> Data for the task:
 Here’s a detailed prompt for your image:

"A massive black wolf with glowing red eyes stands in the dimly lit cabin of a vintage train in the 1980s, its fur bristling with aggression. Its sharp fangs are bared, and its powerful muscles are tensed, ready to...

* * *

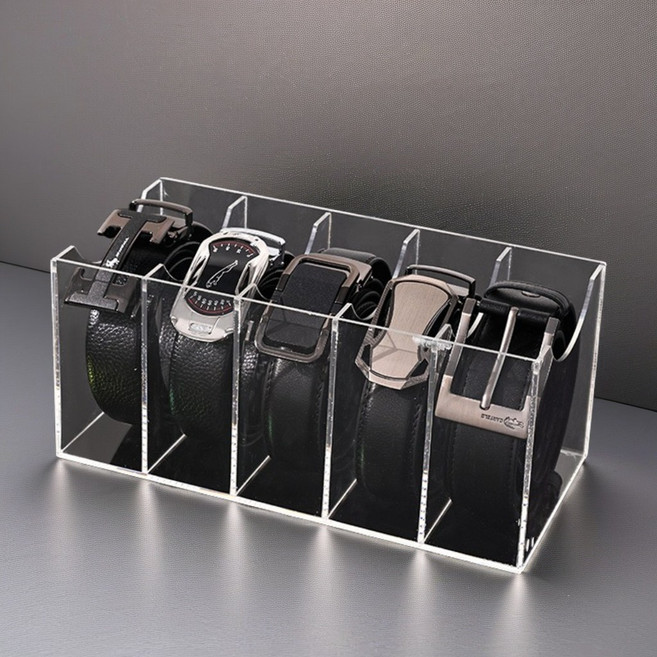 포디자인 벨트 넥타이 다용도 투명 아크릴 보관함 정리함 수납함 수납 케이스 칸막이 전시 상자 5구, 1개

...

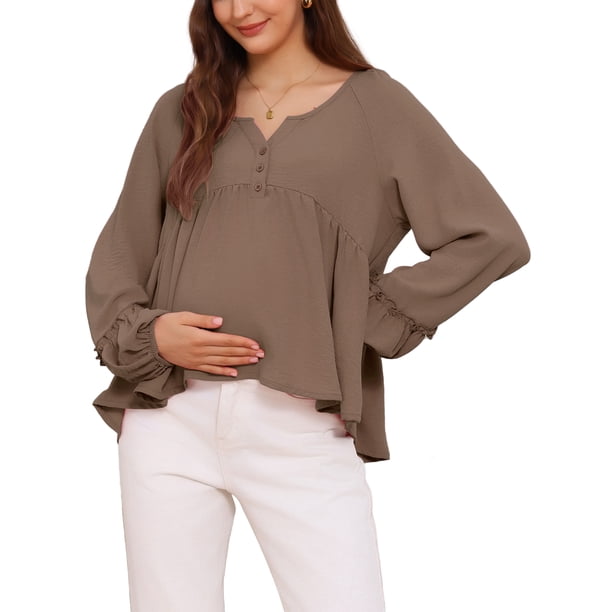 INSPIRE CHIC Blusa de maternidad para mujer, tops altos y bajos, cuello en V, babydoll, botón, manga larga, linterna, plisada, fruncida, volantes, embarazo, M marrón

> Directions for this task: Set down, unchanged, only those lines above that fall between the line with "Here’s a detailed" and the line with "tensed, ready to...", the two end lines included.

> Finished exercise:
 Here’s a detailed prompt for your image:

"A massive black wolf with glowing red eyes stands in the dimly lit cabin of a vintage train in the 1980s, its fur bristling with aggression. Its sharp fangs are bared, and its powerful muscles are tensed, ready to...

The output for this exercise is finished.